● Work instruction: Could you output each line below exactly as it appears, excluding any pictures?

● Information provided:
*** Begin section ***

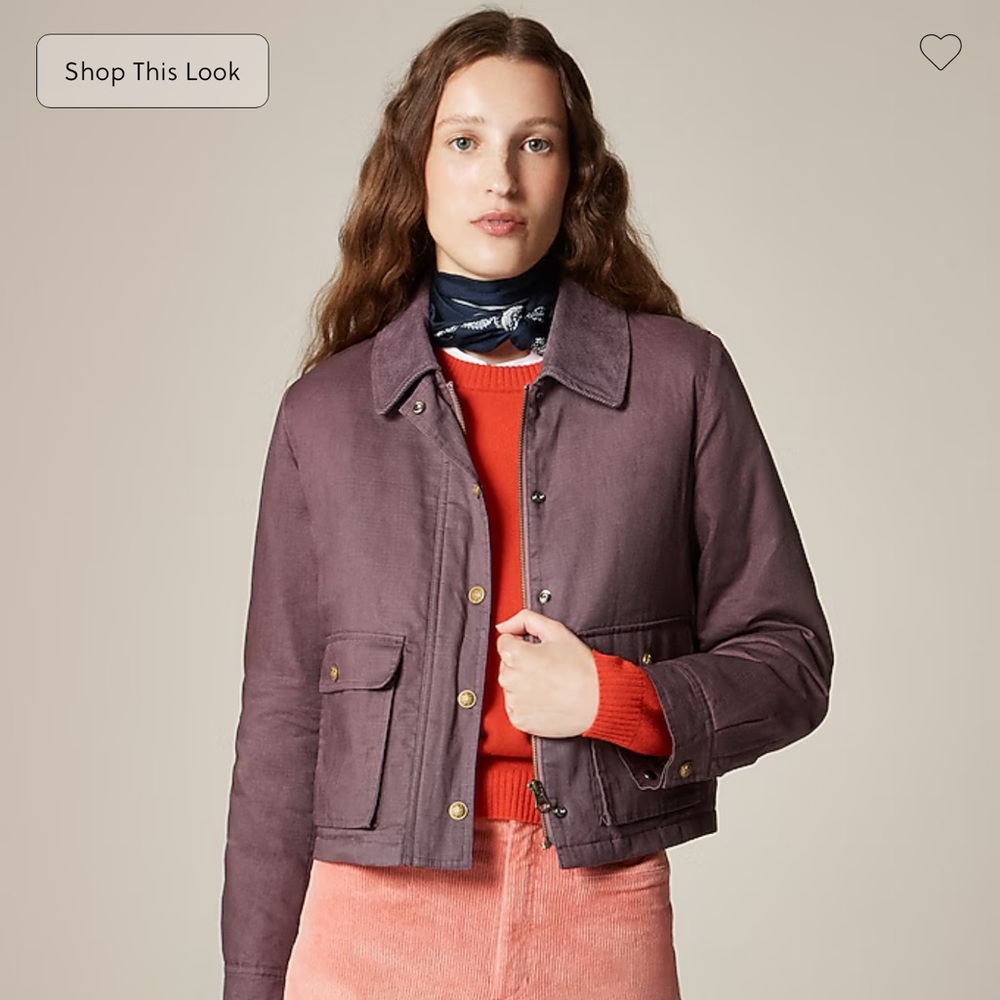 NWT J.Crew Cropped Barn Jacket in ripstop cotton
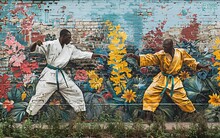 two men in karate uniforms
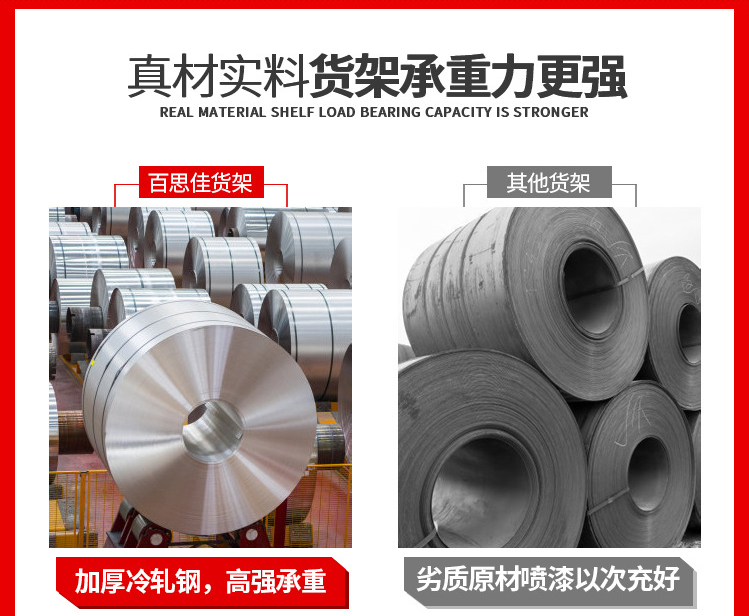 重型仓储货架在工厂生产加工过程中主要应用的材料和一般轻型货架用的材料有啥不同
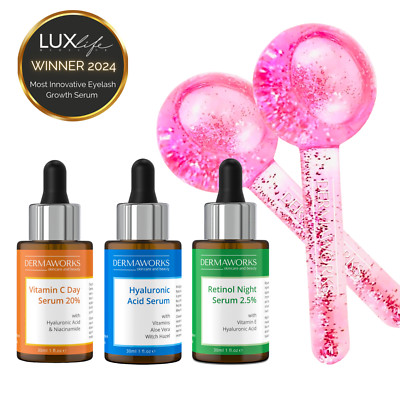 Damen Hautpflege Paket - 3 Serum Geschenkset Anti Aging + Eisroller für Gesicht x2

*** End section ***

● Result:
 NWT J.Crew Cropped Barn Jacket in ripstop cotton
 two men in karate uniforms
 重型仓储货架在工厂生产加工过程中主要应用的材料和一般轻型货架用的材料有啥不同
 Damen Hautpflege Paket - 3 Serum Geschenkset Anti Aging + Eisroller für Gesicht x2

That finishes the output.